Once you reach the line with "Седан Honda Accord 2004 в Одессе" below, copy each line exactly, stopping after the line with "Thumbnail: 2026 Chevrolet", and skip any pictures.
== INPUT DATA
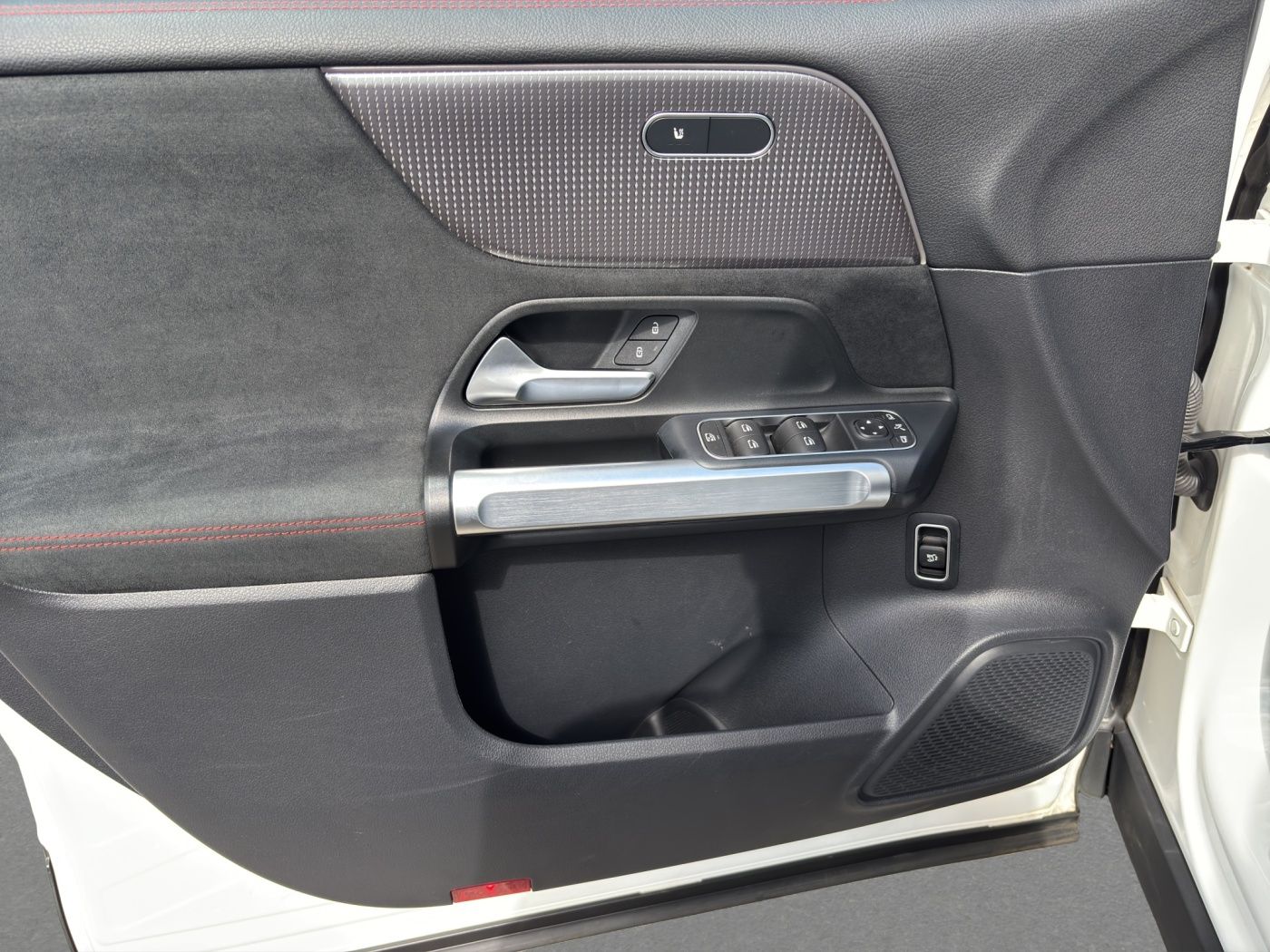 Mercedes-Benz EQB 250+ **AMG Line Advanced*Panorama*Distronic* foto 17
====
== INPUT DATA
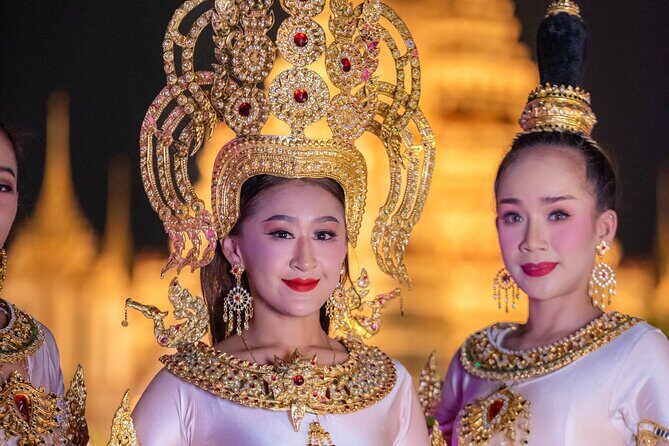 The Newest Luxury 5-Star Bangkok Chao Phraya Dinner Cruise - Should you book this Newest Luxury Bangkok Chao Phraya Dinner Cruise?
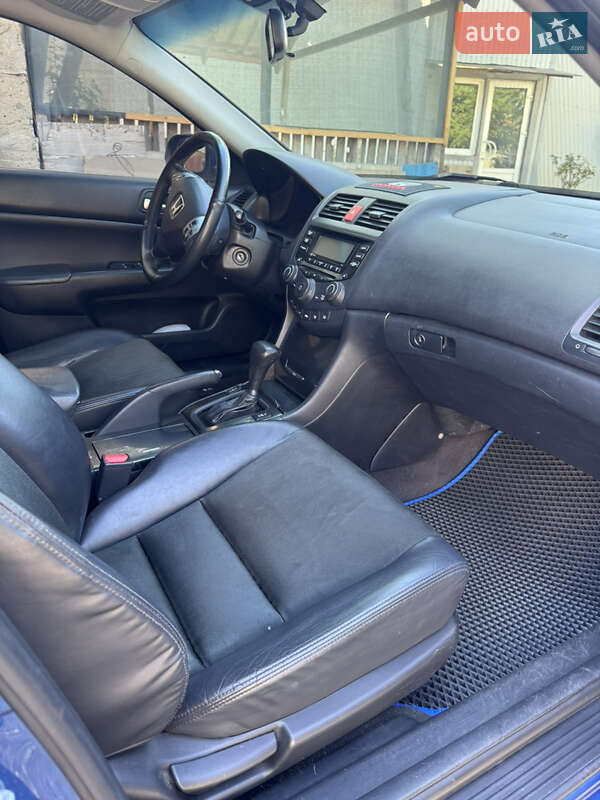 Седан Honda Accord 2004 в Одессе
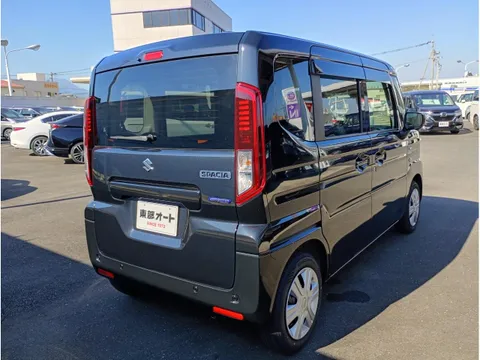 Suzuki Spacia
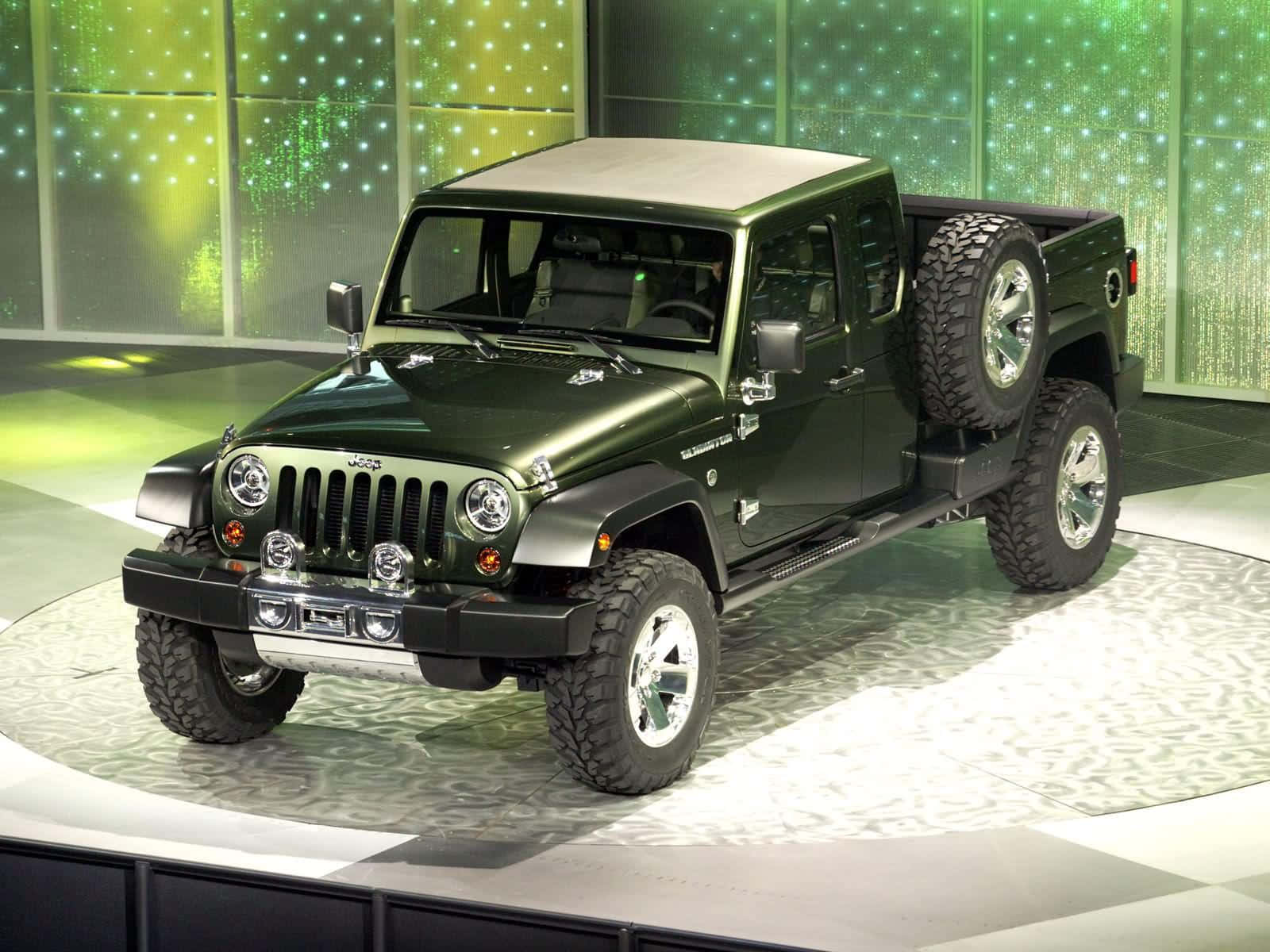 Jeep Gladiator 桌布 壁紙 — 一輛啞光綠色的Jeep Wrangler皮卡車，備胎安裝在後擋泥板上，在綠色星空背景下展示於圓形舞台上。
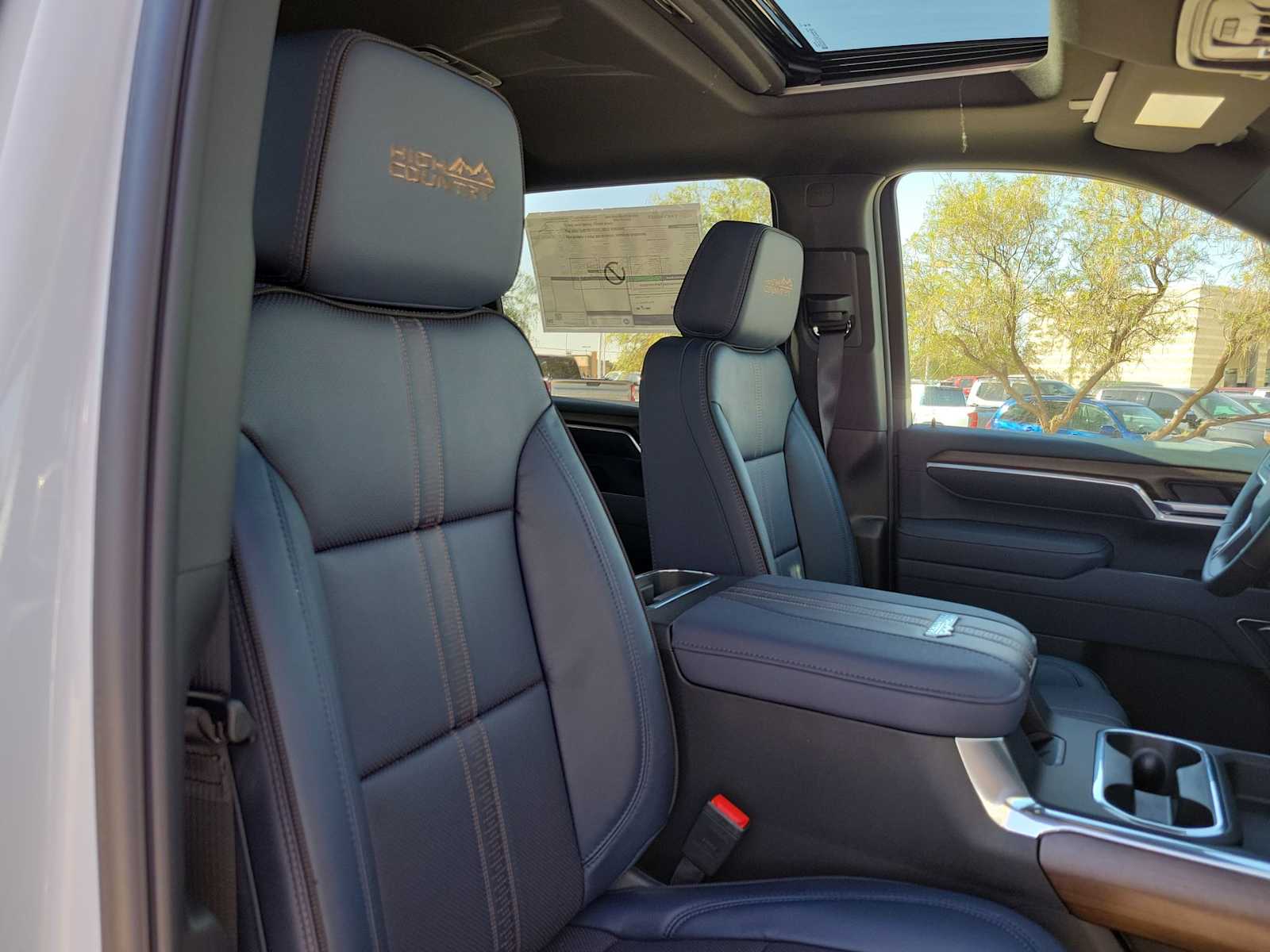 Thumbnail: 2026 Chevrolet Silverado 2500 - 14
====
# [RESPONSE TO THIS TASK]
 Седан Honda Accord 2004 в Одессе
 Suzuki Spacia
 Jeep Gladiator 桌布 壁紙 — 一輛啞光綠色的Jeep Wrangler皮卡車，備胎安裝在後擋泥板上，在綠色星空背景下展示於圓形舞台上。
 Thumbnail: 2026 Chevrolet Silverado 2500 - 14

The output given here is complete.